• [Work task]:
Every record that follows must be returned word for word.

• [Input material]:
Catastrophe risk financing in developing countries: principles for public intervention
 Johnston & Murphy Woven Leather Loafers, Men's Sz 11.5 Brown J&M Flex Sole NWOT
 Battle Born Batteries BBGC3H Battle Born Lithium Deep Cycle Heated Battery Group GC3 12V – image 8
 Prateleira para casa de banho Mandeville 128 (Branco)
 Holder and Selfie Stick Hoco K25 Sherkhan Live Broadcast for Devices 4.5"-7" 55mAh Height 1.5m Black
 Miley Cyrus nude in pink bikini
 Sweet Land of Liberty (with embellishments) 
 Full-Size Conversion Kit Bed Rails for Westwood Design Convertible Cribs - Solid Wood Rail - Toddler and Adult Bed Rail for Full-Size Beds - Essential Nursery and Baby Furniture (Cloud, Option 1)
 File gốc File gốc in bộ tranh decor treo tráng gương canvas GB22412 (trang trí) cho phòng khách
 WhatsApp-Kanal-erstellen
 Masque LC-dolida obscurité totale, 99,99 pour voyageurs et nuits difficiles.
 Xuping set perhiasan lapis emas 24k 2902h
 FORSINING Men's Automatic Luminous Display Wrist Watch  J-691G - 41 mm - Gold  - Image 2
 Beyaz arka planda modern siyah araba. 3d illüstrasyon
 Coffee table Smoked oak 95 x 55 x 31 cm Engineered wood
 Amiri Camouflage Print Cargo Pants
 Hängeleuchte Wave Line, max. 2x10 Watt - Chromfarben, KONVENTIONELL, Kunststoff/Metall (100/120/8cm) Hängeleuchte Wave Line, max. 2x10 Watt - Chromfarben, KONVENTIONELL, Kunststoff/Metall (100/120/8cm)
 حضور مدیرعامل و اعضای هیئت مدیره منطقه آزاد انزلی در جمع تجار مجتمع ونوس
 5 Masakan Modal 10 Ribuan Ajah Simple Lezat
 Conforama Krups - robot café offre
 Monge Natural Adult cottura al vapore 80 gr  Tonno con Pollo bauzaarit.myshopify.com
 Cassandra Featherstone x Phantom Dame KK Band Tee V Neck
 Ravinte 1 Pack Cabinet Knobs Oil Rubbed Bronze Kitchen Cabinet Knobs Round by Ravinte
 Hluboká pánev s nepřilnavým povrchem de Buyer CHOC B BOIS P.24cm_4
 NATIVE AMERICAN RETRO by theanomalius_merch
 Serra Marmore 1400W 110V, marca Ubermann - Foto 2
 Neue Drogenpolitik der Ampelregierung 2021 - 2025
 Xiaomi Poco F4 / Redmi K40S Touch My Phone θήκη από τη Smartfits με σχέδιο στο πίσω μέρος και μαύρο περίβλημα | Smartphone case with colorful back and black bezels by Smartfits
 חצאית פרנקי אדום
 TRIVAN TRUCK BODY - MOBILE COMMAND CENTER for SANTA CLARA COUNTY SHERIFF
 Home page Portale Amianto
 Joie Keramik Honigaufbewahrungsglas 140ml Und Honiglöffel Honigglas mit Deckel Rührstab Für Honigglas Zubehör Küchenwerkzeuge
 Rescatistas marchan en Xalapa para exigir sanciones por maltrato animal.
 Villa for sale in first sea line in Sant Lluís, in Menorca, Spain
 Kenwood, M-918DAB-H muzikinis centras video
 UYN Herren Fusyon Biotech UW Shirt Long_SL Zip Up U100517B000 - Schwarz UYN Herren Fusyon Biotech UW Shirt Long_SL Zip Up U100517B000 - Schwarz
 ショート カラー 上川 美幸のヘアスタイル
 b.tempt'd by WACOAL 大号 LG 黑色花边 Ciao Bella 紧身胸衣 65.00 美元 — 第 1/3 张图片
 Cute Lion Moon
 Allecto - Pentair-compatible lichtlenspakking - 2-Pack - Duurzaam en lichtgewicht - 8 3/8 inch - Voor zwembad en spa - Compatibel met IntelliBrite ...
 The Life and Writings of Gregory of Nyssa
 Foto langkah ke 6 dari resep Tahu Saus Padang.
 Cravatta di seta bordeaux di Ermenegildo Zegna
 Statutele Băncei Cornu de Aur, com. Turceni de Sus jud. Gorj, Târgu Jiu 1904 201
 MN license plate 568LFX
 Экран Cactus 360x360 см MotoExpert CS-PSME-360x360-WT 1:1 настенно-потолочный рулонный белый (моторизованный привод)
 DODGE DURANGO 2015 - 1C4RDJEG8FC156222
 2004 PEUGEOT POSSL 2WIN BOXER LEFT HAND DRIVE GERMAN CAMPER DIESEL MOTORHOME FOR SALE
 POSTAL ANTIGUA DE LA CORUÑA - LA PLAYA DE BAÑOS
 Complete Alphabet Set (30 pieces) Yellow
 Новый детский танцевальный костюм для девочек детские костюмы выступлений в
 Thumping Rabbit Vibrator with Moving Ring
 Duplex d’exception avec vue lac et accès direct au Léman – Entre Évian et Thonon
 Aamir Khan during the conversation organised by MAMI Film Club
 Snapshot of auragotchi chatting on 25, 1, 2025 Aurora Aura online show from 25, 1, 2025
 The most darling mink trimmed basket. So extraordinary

• [Output of the exercise]:
Catastrophe risk financing in developing countries: principles for public intervention
 Johnston & Murphy Woven Leather Loafers, Men's Sz 11.5 Brown J&M Flex Sole NWOT
 Battle Born Batteries BBGC3H Battle Born Lithium Deep Cycle Heated Battery Group GC3 12V – image 8
 Prateleira para casa de banho Mandeville 128 (Branco)
 Holder and Selfie Stick Hoco K25 Sherkhan Live Broadcast for Devices 4.5"-7" 55mAh Height 1.5m Black
 Miley Cyrus nude in pink bikini
 Sweet Land of Liberty (with embellishments) 
 Full-Size Conversion Kit Bed Rails for Westwood Design Convertible Cribs - Solid Wood Rail - Toddler and Adult Bed Rail for Full-Size Beds - Essential Nursery and Baby Furniture (Cloud, Option 1)
 File gốc File gốc in bộ tranh decor treo tráng gương canvas GB22412 (trang trí) cho phòng khách
 WhatsApp-Kanal-erstellen
 Masque LC-dolida obscurité totale, 99,99 pour voyageurs et nuits difficiles.
 Xuping set perhiasan lapis emas 24k 2902h
 FORSINING Men's Automatic Luminous Display Wrist Watch  J-691G - 41 mm - Gold  - Image 2
 Beyaz arka planda modern siyah araba. 3d illüstrasyon
 Coffee table Smoked oak 95 x 55 x 31 cm Engineered wood
 Amiri Camouflage Print Cargo Pants
 Hängeleuchte Wave Line, max. 2x10 Watt - Chromfarben, KONVENTIONELL, Kunststoff/Metall (100/120/8cm) Hängeleuchte Wave Line, max. 2x10 Watt - Chromfarben, KONVENTIONELL, Kunststoff/Metall (100/120/8cm)
 حضور مدیرعامل و اعضای هیئت مدیره منطقه آزاد انزلی در جمع تجار مجتمع ونوس
 5 Masakan Modal 10 Ribuan Ajah Simple Lezat
 Conforama Krups - robot café offre
 Monge Natural Adult cottura al vapore 80 gr  Tonno con Pollo bauzaarit.myshopify.com
 Cassandra Featherstone x Phantom Dame KK Band Tee V Neck
 Ravinte 1 Pack Cabinet Knobs Oil Rubbed Bronze Kitchen Cabinet Knobs Round by Ravinte
 Hluboká pánev s nepřilnavým povrchem de Buyer CHOC B BOIS P.24cm_4
 NATIVE AMERICAN RETRO by theanomalius_merch
 Serra Marmore 1400W 110V, marca Ubermann - Foto 2
 Neue Drogenpolitik der Ampelregierung 2021 - 2025
 Xiaomi Poco F4 / Redmi K40S Touch My Phone θήκη από τη Smartfits με σχέδιο στο πίσω μέρος και μαύρο περίβλημα | Smartphone case with colorful back and black bezels by Smartfits
 חצאית פרנקי אדום
 TRIVAN TRUCK BODY - MOBILE COMMAND CENTER for SANTA CLARA COUNTY SHERIFF
 Home page Portale Amianto
 Joie Keramik Honigaufbewahrungsglas 140ml Und Honiglöffel Honigglas mit Deckel Rührstab Für Honigglas Zubehör Küchenwerkzeuge
 Rescatistas marchan en Xalapa para exigir sanciones por maltrato animal.
 Villa for sale in first sea line in Sant Lluís, in Menorca, Spain
 Kenwood, M-918DAB-H muzikinis centras video
 UYN Herren Fusyon Biotech UW Shirt Long_SL Zip Up U100517B000 - Schwarz UYN Herren Fusyon Biotech UW Shirt Long_SL Zip Up U100517B000 - Schwarz
 ショート カラー 上川 美幸のヘアスタイル
 b.tempt'd by WACOAL 大号 LG 黑色花边 Ciao Bella 紧身胸衣 65.00 美元 — 第 1/3 张图片
 Cute Lion Moon
 Allecto - Pentair-compatible lichtlenspakking - 2-Pack - Duurzaam en lichtgewicht - 8 3/8 inch - Voor zwembad en spa - Compatibel met IntelliBrite ...
 The Life and Writings of Gregory of Nyssa
 Foto langkah ke 6 dari resep Tahu Saus Padang.
 Cravatta di seta bordeaux di Ermenegildo Zegna
 Statutele Băncei Cornu de Aur, com. Turceni de Sus jud. Gorj, Târgu Jiu 1904 201
 MN license plate 568LFX
 Экран Cactus 360x360 см MotoExpert CS-PSME-360x360-WT 1:1 настенно-потолочный рулонный белый (моторизованный привод)
 DODGE DURANGO 2015 - 1C4RDJEG8FC156222
 2004 PEUGEOT POSSL 2WIN BOXER LEFT HAND DRIVE GERMAN CAMPER DIESEL MOTORHOME FOR SALE
 POSTAL ANTIGUA DE LA CORUÑA - LA PLAYA DE BAÑOS
 Complete Alphabet Set (30 pieces) Yellow
 Новый детский танцевальный костюм для девочек детские костюмы выступлений в
 Thumping Rabbit Vibrator with Moving Ring
 Duplex d’exception avec vue lac et accès direct au Léman – Entre Évian et Thonon
 Aamir Khan during the conversation organised by MAMI Film Club
 Snapshot of auragotchi chatting on 25, 1, 2025 Aurora Aura online show from 25, 1, 2025
 The most darling mink trimmed basket. So extraordinary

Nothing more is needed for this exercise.